__HOW TO COMPLETE THIS TASK__.
Images are not wanted; transcribe the rest of the listing exactly.

__RECORDS TO PROCESS__.
·····

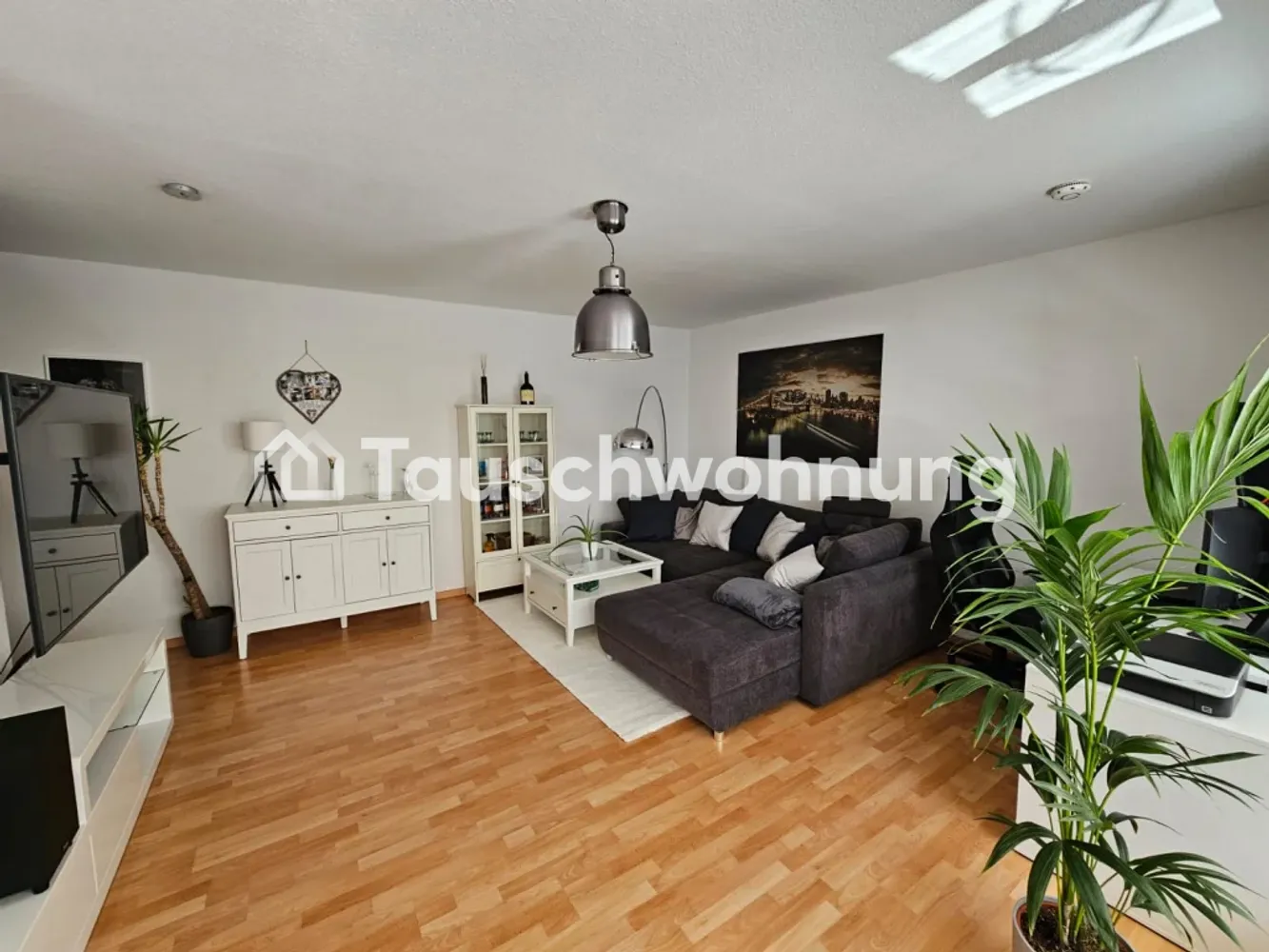 2 Zimmer Wohnung mit 75 m² in Berlin – Bild 2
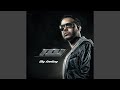 Mi Sentimiento - Intro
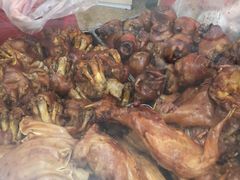 -老杨家熟食店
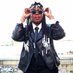 Nontobeko Yamantungwa Sibisi (@nontobek0sibisi) Twitter profile photo Nontobeko Yamantungwa Sibisi (@nontobek0sibisi) Twitter profile photo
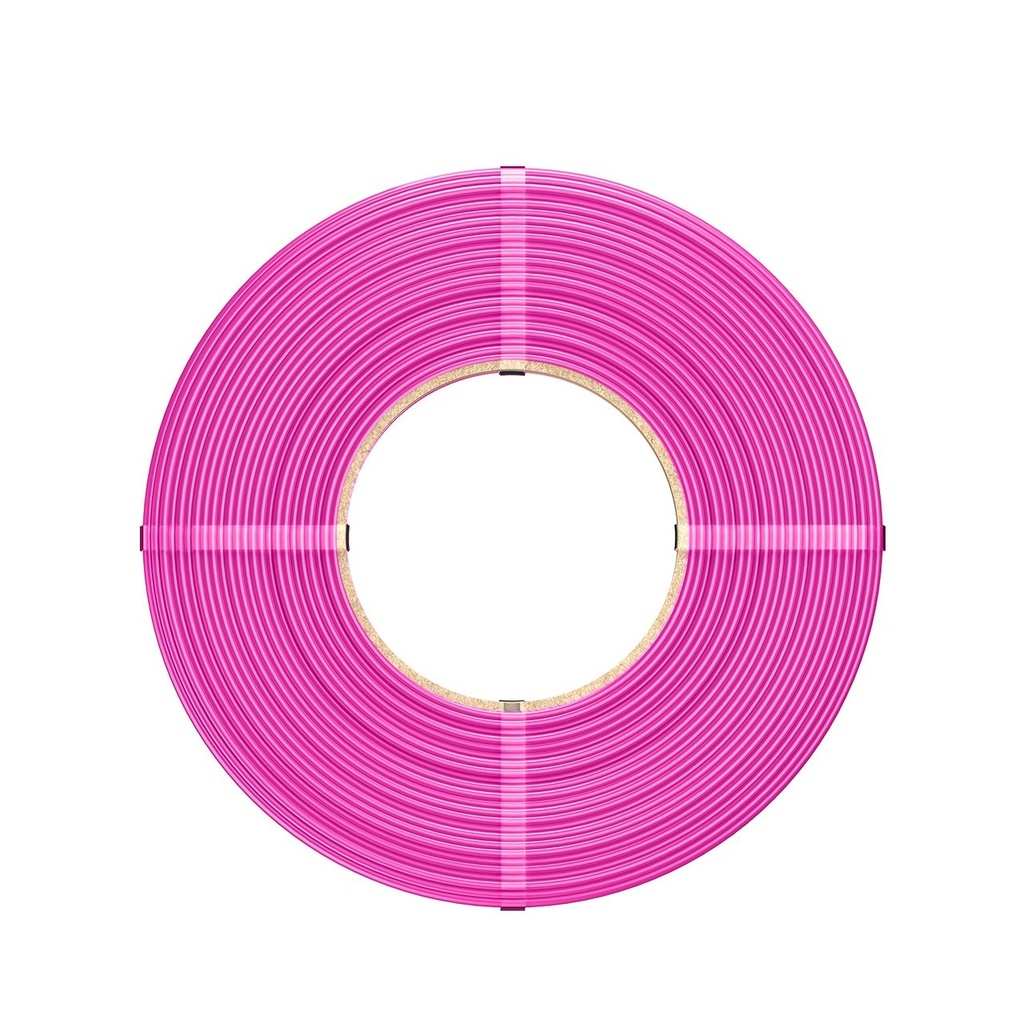 Filament SUNLU PLA Refill 1.75 mm Magenta, 1 kg — photo 3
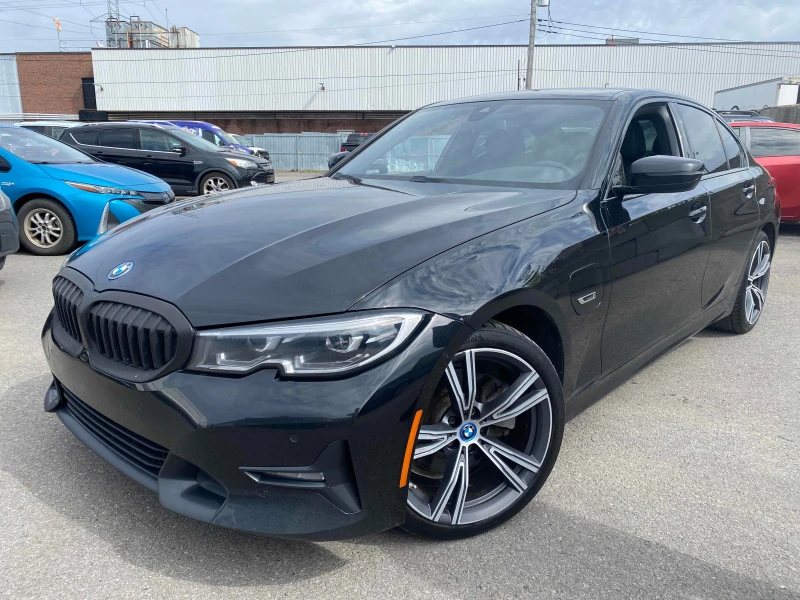 BMW 330 e xDrive | CARFAX | БЕЗ ИНЦИДЕНТИ - 21900 € - 61231653 1 | Car24.bg BMW 330 e xDrive | CARFAX | БЕЗ ИНЦИДЕНТИ - 21900 € - 61231653 1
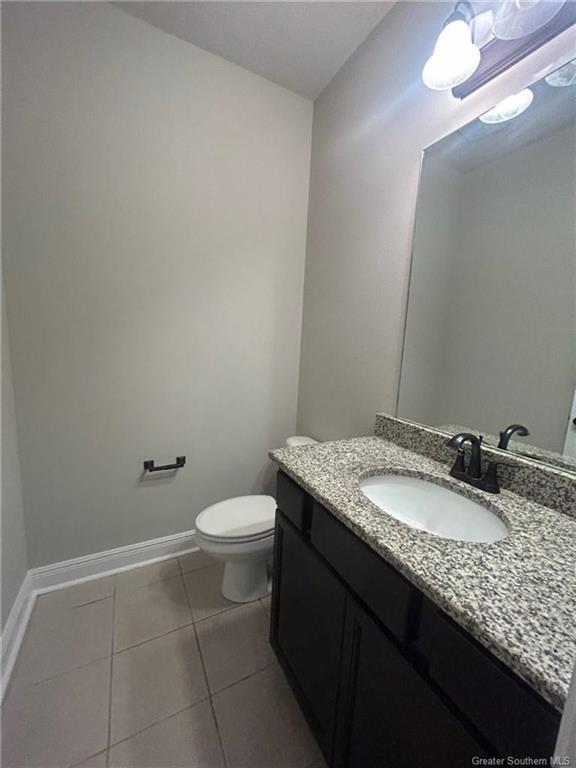 5773 Kings Canyon Road Iowa, LA 70647 - Photo 23 of 45 Gallery Image 23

·····

__REPLY TO THE TASK__.
 2 Zimmer Wohnung mit 75 m² in Berlin – Bild 2
 Mi Sentimiento - Intro
 -老杨家熟食店
 Nontobeko Yamantungwa Sibisi (@nontobek0sibisi) Twitter profile photo Nontobeko Yamantungwa Sibisi (@nontobek0sibisi) Twitter profile photo
 Filament SUNLU PLA Refill 1.75 mm Magenta, 1 kg — photo 3
 BMW 330 e xDrive | CARFAX | БЕЗ ИНЦИДЕНТИ - 21900 € - 61231653 1 | Car24.bg BMW 330 e xDrive | CARFAX | БЕЗ ИНЦИДЕНТИ - 21900 € - 61231653 1
 5773 Kings Canyon Road Iowa, LA 70647 - Photo 23 of 45 Gallery Image 23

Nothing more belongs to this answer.